This modeling technique has universal application
This planning process can be applied to a start-up, rapid growth firm or a more mature company seeking expansion or merger opportunities.
The Operating Plan construction process begins by loading the model with resource metrics for the next 24 months. This approach enables the management team to visualize the company’s future in terms of the resources they will allocate to the business. To enhance visibility, key milestones can be indexed to each month, ensuring that timing remains clear across all planning schedules.
Loading resource data
We start with a headcount projection, as it is the most intuitive planning tool for visualizing growth. From there, we layer in salaries, operating expenses, capital equipment needs, and finally, sales and cost of sales metrics. This structured process allows us to determine the amount of funding required to navigate early-stage negative cash flow.
A clear breakeven point is identified, with the goal of achieving cash independence. In most cases, we expect a startup to reach self-sufficiency within 24 months of initial funding, and a growth company to maintain a positive cash balance until the next round of funding, if needed.
Construct financing options
All 24-month resource data seamlessly transfers into the financial statements. Debt and equity options are then selected and configured, allowing us to analyze the projected cash balance month by month over the next two years. From there, the business model can be refined to achieve cash independence within this timeframe.
This financial data serves as the foundation for all future financial statements and valuation assessments.
Prepare the 5-year financials
The first two years of the five-year financial projections have now been built using a bottom-up approach.

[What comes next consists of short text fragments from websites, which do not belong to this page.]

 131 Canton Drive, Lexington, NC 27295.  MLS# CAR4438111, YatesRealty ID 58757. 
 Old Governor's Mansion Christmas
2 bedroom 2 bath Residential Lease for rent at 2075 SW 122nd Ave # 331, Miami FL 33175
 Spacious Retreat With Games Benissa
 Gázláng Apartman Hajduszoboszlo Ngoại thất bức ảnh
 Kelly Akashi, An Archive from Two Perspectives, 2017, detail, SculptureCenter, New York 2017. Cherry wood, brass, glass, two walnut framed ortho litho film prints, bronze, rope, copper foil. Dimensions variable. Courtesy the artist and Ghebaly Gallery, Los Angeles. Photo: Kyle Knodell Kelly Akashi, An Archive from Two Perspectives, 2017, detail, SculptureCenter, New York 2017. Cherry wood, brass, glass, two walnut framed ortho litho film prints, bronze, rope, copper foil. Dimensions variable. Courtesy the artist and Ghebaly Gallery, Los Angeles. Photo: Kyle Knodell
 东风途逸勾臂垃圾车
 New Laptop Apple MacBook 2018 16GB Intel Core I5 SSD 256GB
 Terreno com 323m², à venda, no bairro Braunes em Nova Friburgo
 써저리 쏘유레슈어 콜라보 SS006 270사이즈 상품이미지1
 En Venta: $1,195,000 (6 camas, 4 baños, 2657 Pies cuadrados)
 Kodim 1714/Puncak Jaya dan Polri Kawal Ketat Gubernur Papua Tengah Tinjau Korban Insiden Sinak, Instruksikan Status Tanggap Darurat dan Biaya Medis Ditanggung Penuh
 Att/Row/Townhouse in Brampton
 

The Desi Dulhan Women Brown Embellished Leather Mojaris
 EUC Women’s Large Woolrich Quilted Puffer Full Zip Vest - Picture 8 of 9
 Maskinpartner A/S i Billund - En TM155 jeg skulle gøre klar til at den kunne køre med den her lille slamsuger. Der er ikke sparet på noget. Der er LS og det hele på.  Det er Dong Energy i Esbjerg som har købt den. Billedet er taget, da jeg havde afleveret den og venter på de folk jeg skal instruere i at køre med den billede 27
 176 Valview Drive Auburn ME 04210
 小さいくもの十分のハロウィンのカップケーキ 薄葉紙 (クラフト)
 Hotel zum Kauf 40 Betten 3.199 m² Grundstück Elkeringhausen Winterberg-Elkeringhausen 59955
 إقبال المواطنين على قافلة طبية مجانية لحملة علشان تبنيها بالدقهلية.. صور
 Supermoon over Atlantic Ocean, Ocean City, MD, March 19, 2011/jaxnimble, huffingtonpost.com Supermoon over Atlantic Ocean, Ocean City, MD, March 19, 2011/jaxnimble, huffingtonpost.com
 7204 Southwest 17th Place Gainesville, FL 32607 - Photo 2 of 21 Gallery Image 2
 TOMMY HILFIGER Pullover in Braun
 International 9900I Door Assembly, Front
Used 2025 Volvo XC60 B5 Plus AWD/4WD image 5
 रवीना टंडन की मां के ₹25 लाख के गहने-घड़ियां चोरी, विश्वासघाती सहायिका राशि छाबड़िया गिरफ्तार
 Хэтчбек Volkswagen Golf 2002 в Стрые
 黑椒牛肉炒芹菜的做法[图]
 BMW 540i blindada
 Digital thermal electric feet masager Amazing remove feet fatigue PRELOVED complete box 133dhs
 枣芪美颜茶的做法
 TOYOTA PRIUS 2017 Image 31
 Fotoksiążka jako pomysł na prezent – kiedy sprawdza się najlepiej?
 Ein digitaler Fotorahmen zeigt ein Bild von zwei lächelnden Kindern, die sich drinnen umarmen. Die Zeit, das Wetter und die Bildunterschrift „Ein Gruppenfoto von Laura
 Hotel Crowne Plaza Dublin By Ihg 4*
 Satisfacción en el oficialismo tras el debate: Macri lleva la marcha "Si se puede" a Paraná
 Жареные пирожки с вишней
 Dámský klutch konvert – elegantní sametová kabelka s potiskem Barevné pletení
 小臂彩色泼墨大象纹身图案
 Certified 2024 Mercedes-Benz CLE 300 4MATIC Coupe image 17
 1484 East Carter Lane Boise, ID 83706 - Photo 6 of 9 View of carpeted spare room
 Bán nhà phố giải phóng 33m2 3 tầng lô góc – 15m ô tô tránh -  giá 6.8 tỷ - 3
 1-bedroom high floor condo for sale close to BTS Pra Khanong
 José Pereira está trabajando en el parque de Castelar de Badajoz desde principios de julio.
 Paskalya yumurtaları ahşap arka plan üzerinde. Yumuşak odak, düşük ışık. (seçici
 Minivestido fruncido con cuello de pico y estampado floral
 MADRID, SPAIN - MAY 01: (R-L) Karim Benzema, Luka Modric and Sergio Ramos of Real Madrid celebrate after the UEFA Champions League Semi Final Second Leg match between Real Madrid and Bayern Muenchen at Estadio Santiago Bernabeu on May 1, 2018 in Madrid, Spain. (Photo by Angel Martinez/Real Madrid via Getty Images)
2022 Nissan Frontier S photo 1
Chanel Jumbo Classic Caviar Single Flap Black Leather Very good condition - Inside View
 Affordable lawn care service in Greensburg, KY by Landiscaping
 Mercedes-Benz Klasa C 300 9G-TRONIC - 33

For years three through five, we apply percentage-based growth rates to revenue, expenses, and cost of goods sold (COGS) to develop a top-down forecast that remains both strategic and credible.
The balance sheet, however, will require some manual adjustments to reasonably estimate future assets and liabilities.
Review planning material
We have a metrics section which will help position the company for growth and present the company to other stakeholders.
The equity planning section is particularily important as it helps visualize the milestones the company needs to accomplish prior to moving into the next stage of ccapital raise. It will also help determine the amount of capital to raise for successive rounds of financing to help fuel the growth of the company. This gives us some targets to hit as a team and paints what is possible in the future.
Prepare the corporate valuation
The corporate valuation section starts with the 5-year financials and adds another 5 years of growth to configure a 10 year forecast. Ten different valuation techniques are applied to the resulting financial forecast. A selection of percentages are applied to the different valuation methods, and a resulting overall valuation is determined. This section of the model is comprised of 23 worksheets of valuation calculations and data. There are some helps along the way to explain how an overall valuation profile is established.